Era la mattina del 4 aprile. John non dormiva dalle tre del mattino quando aveva fatto visita alla tomba sperando di trovarci Sherlock intento a sparare a qualche albero per combattere la noia. Era quella stessa notte che invece di parlare di idee e congetture, una brevissima frase rivelò al vento notturno i suoi sentimenti. Si sentiva terribilmente abbandonato e preso in giro. Non riusciva più a sopportare l’idea che da lì in poi avrebbe dovuto vivere senza di lui. Era seduto sul pavimento, sotto una finestra lasciata aperta, mentre l’aria gelida entrava nell’appartamento ricordandogli che era vivo. Davanti a sé, appoggiato alle ginocchia c’era il PC. Era sempre acceso e mostrava la home del sito di Sherlock. Ancora nessun segno, nessun indizio. 

Appoggiò la testa alla parete e sollevò gli occhi al soffitto quando il suo cellulare emise un doppio bip.
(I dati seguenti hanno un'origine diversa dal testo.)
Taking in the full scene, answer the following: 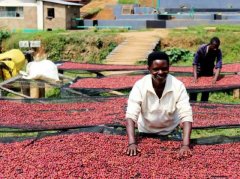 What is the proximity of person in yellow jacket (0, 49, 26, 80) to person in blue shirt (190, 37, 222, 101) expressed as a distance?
4.60 meters

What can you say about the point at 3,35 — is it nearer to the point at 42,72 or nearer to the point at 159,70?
the point at 42,72

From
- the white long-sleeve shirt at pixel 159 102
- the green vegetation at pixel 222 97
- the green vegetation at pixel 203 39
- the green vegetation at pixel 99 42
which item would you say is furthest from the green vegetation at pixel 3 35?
the white long-sleeve shirt at pixel 159 102

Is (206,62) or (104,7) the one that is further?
(104,7)

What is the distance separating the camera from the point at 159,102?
3762mm

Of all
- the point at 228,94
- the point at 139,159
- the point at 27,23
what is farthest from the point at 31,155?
the point at 27,23

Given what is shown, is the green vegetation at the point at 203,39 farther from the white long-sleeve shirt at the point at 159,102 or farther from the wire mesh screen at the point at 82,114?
the white long-sleeve shirt at the point at 159,102

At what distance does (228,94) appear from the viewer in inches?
372

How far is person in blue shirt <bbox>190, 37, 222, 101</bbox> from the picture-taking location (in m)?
7.92

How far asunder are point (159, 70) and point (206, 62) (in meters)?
4.85

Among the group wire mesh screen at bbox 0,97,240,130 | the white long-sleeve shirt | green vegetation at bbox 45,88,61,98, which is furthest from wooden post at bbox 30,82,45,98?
the white long-sleeve shirt

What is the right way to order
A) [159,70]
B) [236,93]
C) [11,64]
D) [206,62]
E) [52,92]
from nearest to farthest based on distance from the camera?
[159,70], [206,62], [236,93], [52,92], [11,64]

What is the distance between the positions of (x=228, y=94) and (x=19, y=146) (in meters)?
6.09

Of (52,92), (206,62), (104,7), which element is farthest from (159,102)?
(104,7)

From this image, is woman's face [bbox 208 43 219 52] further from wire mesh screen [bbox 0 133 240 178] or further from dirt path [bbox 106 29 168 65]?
dirt path [bbox 106 29 168 65] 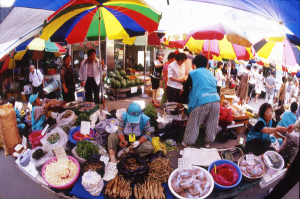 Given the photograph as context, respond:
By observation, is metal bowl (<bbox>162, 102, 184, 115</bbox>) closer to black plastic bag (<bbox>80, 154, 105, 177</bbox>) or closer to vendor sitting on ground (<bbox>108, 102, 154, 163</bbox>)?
vendor sitting on ground (<bbox>108, 102, 154, 163</bbox>)

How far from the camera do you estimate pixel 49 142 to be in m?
3.29

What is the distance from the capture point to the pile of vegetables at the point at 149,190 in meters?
2.51

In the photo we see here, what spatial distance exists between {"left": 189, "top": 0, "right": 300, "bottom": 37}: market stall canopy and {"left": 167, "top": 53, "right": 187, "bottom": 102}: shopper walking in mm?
1713

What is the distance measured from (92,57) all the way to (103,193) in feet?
12.4

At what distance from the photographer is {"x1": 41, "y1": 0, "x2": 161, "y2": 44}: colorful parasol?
358cm

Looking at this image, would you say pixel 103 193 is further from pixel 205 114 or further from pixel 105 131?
pixel 205 114

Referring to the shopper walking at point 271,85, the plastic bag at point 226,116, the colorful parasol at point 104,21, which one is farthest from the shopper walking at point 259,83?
the colorful parasol at point 104,21

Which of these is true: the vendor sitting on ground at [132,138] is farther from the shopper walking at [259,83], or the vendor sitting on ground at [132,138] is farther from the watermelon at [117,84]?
the shopper walking at [259,83]

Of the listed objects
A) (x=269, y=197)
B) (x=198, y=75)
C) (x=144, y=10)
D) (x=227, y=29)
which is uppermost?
(x=144, y=10)

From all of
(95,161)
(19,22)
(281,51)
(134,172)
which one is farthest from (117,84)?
(281,51)

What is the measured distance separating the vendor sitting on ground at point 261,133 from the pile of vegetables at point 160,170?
1798 millimetres

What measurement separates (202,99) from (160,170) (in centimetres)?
158

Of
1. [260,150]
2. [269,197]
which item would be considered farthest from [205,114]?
[269,197]

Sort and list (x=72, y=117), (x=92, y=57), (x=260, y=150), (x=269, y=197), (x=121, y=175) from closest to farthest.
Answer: (x=269, y=197) < (x=121, y=175) < (x=260, y=150) < (x=72, y=117) < (x=92, y=57) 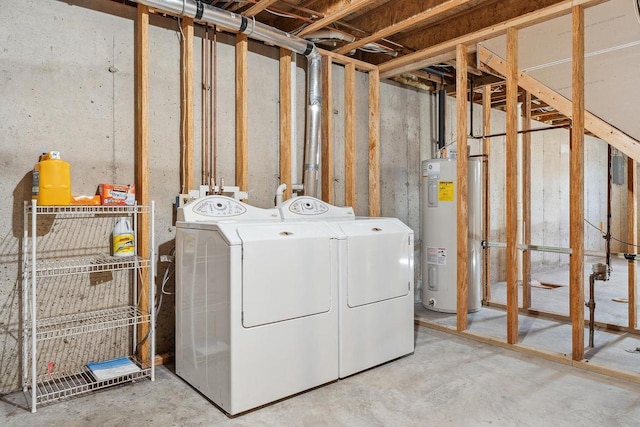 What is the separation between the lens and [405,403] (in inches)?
88.6

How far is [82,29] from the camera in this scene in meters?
2.58

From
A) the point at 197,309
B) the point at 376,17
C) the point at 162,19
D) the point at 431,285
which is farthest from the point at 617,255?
the point at 162,19

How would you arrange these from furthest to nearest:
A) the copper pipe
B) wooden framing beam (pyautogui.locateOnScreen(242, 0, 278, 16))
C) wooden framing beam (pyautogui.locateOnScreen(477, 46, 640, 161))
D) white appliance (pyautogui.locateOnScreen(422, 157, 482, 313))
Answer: white appliance (pyautogui.locateOnScreen(422, 157, 482, 313)), wooden framing beam (pyautogui.locateOnScreen(477, 46, 640, 161)), the copper pipe, wooden framing beam (pyautogui.locateOnScreen(242, 0, 278, 16))

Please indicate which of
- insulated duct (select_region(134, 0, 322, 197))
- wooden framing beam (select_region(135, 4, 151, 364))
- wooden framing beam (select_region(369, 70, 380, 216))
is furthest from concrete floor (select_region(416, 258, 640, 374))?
wooden framing beam (select_region(135, 4, 151, 364))

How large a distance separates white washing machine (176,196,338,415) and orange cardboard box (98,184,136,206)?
1.02ft

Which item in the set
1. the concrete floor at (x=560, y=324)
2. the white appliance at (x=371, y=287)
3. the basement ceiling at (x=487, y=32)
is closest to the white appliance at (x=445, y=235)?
the concrete floor at (x=560, y=324)

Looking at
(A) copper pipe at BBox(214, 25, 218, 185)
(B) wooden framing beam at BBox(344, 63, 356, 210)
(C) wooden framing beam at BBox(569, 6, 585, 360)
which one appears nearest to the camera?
(C) wooden framing beam at BBox(569, 6, 585, 360)

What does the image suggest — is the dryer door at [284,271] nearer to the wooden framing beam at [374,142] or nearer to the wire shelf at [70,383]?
the wire shelf at [70,383]

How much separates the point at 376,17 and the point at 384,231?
6.42ft

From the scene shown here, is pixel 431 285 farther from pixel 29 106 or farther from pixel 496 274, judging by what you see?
pixel 29 106

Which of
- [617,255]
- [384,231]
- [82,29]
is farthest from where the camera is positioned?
[617,255]

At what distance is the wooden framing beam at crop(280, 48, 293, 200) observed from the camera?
338 cm

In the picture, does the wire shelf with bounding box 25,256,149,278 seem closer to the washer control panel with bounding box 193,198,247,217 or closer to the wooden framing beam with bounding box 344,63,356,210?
the washer control panel with bounding box 193,198,247,217

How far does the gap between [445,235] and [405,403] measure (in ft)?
6.80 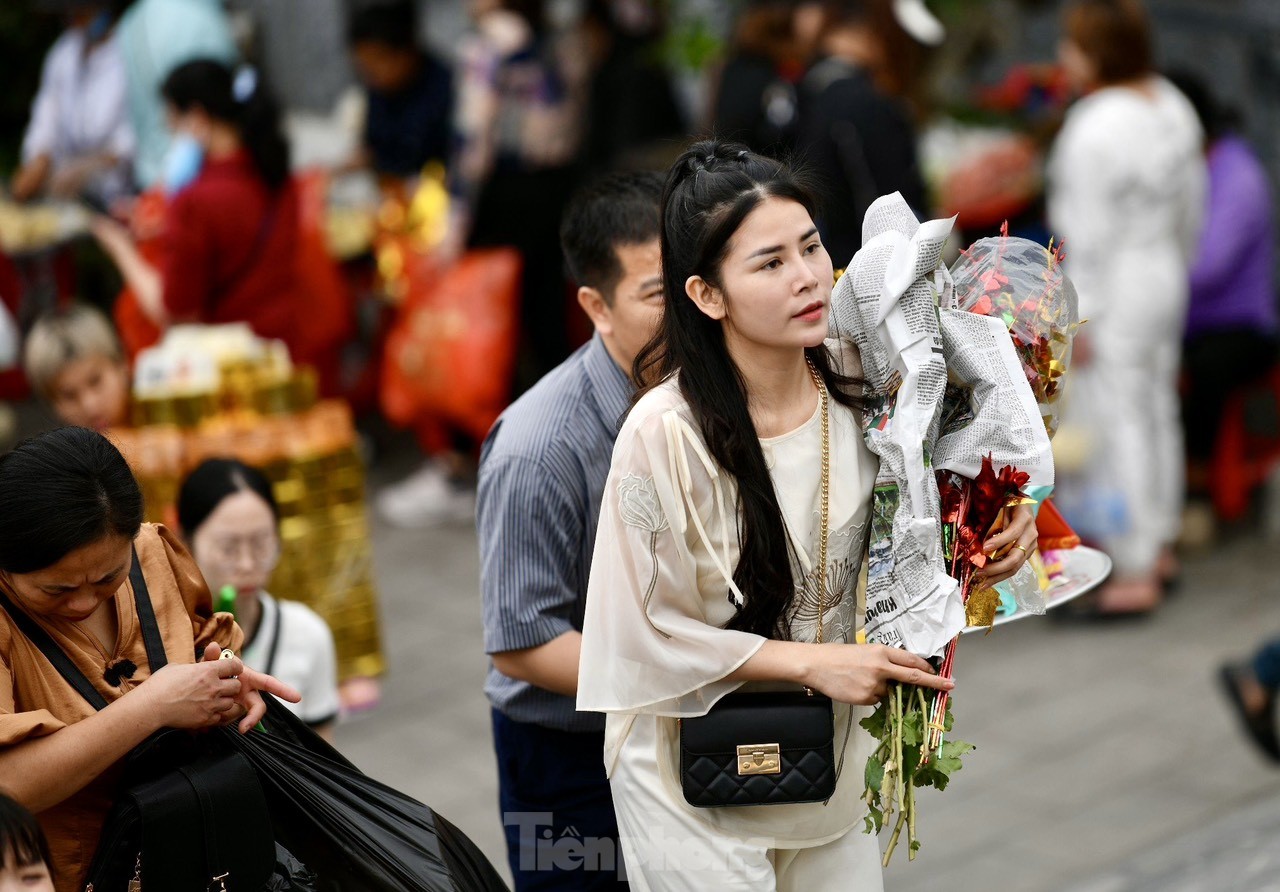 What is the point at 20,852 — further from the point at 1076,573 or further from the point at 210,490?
the point at 1076,573

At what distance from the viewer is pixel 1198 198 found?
6.10 metres

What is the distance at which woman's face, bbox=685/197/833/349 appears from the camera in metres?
2.42

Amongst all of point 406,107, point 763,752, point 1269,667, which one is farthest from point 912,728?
point 406,107

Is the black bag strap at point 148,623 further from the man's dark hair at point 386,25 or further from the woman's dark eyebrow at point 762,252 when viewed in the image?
the man's dark hair at point 386,25

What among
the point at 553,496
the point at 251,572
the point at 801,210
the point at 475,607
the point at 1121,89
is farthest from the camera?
the point at 475,607

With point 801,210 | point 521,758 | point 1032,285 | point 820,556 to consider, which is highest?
point 801,210

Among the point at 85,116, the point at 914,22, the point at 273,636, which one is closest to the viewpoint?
the point at 273,636

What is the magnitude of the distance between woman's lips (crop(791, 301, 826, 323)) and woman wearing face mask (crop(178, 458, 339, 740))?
158cm

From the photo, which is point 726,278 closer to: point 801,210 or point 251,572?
point 801,210

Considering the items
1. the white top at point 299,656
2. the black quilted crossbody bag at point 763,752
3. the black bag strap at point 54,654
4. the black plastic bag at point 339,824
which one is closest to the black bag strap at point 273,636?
the white top at point 299,656

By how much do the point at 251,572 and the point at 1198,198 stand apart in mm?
4138

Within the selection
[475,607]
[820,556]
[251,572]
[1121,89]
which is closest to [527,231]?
[475,607]

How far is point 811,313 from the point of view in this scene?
243 centimetres

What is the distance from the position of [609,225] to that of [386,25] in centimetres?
475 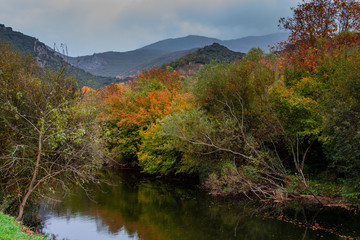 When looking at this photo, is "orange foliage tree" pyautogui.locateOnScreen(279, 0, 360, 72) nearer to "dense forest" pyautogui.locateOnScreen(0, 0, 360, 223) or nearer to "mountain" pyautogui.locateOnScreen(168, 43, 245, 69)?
"dense forest" pyautogui.locateOnScreen(0, 0, 360, 223)

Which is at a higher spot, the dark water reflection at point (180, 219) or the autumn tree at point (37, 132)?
the autumn tree at point (37, 132)

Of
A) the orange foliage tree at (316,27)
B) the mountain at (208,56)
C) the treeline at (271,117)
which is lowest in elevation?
the treeline at (271,117)

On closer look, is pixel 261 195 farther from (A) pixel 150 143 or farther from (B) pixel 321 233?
(A) pixel 150 143

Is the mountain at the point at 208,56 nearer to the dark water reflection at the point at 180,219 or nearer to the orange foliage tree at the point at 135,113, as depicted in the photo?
the orange foliage tree at the point at 135,113

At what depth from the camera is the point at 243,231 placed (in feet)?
48.1

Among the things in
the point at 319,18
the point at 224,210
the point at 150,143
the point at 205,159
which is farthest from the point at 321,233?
the point at 319,18

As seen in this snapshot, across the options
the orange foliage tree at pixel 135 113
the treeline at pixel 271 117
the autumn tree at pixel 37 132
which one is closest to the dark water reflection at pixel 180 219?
the treeline at pixel 271 117

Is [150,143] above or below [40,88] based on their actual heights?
below

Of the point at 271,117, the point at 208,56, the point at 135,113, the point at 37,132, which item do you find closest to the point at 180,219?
the point at 37,132

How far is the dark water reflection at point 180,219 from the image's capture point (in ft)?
46.2

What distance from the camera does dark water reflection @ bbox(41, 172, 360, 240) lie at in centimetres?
1407

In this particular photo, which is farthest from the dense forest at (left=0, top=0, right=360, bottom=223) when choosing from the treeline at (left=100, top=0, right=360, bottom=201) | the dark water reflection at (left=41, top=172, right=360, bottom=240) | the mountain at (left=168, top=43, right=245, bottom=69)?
the mountain at (left=168, top=43, right=245, bottom=69)

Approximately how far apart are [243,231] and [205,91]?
12463 millimetres

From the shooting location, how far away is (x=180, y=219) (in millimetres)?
16766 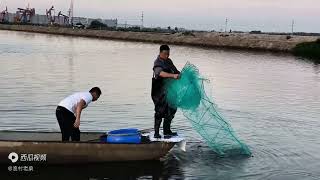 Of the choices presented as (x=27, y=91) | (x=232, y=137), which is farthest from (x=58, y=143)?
(x=27, y=91)

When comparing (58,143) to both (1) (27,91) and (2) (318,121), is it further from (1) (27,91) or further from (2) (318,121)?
(1) (27,91)

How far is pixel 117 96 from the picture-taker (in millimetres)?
24281

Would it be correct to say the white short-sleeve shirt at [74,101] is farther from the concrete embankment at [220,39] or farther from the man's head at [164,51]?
the concrete embankment at [220,39]

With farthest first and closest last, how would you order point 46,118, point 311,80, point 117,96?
point 311,80 → point 117,96 → point 46,118

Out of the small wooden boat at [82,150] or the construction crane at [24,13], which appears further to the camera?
the construction crane at [24,13]

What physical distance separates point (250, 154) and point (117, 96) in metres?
10.8

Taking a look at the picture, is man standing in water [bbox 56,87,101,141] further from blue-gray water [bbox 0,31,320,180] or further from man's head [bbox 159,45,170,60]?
man's head [bbox 159,45,170,60]

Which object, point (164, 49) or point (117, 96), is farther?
point (117, 96)

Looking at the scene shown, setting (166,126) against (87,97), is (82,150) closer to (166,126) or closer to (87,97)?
(87,97)

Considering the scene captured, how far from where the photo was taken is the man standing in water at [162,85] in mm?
12852

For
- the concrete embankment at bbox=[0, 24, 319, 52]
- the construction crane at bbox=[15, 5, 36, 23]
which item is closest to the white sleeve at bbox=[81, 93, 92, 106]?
the concrete embankment at bbox=[0, 24, 319, 52]

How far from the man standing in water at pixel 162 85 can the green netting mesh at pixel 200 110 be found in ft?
0.51

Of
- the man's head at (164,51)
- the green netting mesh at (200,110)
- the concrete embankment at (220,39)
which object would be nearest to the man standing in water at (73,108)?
the man's head at (164,51)

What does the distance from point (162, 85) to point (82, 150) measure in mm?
2432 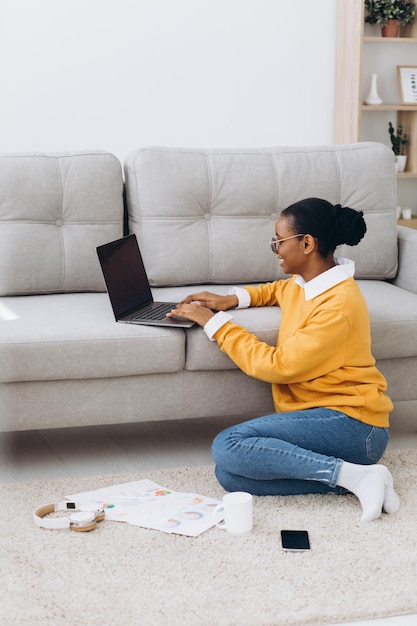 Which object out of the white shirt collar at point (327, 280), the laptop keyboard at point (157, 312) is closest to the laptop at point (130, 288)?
the laptop keyboard at point (157, 312)

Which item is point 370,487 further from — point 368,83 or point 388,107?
point 368,83

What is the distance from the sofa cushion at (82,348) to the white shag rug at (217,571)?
36 cm

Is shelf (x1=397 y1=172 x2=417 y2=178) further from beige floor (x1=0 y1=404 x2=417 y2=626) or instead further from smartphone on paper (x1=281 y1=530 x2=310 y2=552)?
smartphone on paper (x1=281 y1=530 x2=310 y2=552)

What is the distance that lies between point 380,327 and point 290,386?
15.3 inches

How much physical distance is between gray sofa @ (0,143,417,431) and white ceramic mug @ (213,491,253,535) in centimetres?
51

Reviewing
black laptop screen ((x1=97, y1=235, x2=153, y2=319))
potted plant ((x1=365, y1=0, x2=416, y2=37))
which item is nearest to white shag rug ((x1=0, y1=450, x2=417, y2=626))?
black laptop screen ((x1=97, y1=235, x2=153, y2=319))

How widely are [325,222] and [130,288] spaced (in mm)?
677

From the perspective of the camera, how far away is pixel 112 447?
2855 mm

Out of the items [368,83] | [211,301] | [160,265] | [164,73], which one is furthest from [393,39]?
[211,301]

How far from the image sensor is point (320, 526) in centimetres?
224

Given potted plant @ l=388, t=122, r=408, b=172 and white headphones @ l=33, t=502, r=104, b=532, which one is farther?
potted plant @ l=388, t=122, r=408, b=172

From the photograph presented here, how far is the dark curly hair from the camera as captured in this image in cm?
236

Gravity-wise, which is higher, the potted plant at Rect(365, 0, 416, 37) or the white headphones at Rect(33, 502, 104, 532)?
the potted plant at Rect(365, 0, 416, 37)

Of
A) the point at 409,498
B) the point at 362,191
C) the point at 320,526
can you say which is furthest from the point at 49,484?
the point at 362,191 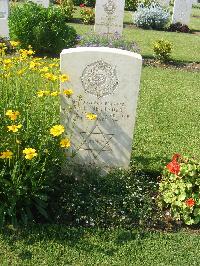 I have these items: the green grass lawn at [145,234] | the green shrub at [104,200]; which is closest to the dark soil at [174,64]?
the green grass lawn at [145,234]

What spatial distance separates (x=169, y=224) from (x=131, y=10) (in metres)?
18.1

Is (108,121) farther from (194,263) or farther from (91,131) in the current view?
Answer: (194,263)

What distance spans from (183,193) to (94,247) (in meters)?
1.08

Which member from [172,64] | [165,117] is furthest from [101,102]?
[172,64]

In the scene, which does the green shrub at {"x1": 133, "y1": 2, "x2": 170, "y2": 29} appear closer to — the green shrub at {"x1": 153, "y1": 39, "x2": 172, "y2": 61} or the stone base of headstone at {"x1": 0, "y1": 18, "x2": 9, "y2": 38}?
the green shrub at {"x1": 153, "y1": 39, "x2": 172, "y2": 61}

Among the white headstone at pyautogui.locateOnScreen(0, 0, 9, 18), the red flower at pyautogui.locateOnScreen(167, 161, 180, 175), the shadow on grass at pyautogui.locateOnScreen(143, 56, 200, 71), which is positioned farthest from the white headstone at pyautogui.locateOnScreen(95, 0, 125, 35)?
the red flower at pyautogui.locateOnScreen(167, 161, 180, 175)

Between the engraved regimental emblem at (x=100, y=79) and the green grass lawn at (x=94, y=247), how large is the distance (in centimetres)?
152

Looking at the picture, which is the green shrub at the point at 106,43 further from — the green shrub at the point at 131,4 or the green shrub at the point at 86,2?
the green shrub at the point at 86,2

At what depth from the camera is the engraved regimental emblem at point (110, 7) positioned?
40.6 ft

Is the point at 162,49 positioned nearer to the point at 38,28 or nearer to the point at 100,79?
the point at 38,28

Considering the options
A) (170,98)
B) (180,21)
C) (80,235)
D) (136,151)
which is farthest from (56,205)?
(180,21)

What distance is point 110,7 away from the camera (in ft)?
40.7

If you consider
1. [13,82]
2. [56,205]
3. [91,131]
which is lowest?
Answer: [56,205]

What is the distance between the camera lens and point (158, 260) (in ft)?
12.7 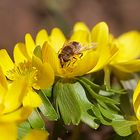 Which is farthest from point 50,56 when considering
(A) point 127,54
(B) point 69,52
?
(A) point 127,54

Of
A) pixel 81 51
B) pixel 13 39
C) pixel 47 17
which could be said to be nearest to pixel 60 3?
pixel 47 17

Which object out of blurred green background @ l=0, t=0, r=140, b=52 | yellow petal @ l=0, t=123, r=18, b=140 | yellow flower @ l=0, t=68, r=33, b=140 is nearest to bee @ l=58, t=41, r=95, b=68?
yellow flower @ l=0, t=68, r=33, b=140

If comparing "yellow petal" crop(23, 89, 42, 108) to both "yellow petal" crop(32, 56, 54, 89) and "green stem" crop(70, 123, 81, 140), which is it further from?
"green stem" crop(70, 123, 81, 140)

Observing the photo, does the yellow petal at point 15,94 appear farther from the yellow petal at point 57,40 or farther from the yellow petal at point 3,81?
the yellow petal at point 57,40

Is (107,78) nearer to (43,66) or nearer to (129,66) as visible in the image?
(129,66)

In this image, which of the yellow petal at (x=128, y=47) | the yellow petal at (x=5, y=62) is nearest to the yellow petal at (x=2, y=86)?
the yellow petal at (x=5, y=62)

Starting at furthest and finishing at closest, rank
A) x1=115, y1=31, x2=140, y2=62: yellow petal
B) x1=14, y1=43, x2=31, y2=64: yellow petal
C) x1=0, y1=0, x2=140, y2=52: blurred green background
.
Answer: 1. x1=0, y1=0, x2=140, y2=52: blurred green background
2. x1=115, y1=31, x2=140, y2=62: yellow petal
3. x1=14, y1=43, x2=31, y2=64: yellow petal

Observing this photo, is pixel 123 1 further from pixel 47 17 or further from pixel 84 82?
pixel 84 82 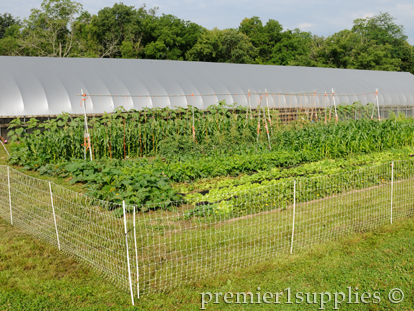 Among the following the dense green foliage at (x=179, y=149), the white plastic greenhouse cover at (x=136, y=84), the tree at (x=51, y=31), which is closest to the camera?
the dense green foliage at (x=179, y=149)

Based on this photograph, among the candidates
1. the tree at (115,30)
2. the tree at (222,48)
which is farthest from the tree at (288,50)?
the tree at (115,30)

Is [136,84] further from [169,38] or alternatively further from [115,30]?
[115,30]

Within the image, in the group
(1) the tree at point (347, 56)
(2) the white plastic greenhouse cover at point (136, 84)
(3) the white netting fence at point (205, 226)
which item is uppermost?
(1) the tree at point (347, 56)

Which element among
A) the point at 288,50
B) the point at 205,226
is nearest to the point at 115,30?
the point at 288,50

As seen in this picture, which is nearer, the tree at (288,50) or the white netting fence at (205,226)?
the white netting fence at (205,226)

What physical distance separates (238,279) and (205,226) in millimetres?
1296

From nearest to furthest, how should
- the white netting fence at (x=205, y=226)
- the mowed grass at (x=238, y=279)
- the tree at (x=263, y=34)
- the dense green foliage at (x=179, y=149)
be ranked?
the mowed grass at (x=238, y=279) → the white netting fence at (x=205, y=226) → the dense green foliage at (x=179, y=149) → the tree at (x=263, y=34)

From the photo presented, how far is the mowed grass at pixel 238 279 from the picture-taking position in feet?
12.9

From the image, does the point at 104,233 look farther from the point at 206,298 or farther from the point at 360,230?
the point at 360,230

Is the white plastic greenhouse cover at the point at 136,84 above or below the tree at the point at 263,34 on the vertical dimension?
below

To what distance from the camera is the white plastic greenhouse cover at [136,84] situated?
14.1 metres

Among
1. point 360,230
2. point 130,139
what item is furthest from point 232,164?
point 130,139

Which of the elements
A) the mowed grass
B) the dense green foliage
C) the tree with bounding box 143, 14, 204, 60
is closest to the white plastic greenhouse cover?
the dense green foliage

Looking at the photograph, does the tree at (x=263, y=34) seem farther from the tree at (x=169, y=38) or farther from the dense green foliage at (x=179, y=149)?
the dense green foliage at (x=179, y=149)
Era un messaggio. Le tre settimane dopo la morte di Sherlock, a ogni messaggio in arrivo, John trasaliva e lo apriva con mani tramanti nella speranza che il mittente fosse Holmes. Ma quella speranza rimase tale e nel tempo cominciò a svanire. Quindi prese di malavoglia il telefono e guardò lo schermo sul quale compariva una busta gialla che indicava l’sms. Lo aprì e lesse le uniche quattro parole: «Anche tu mi manchi».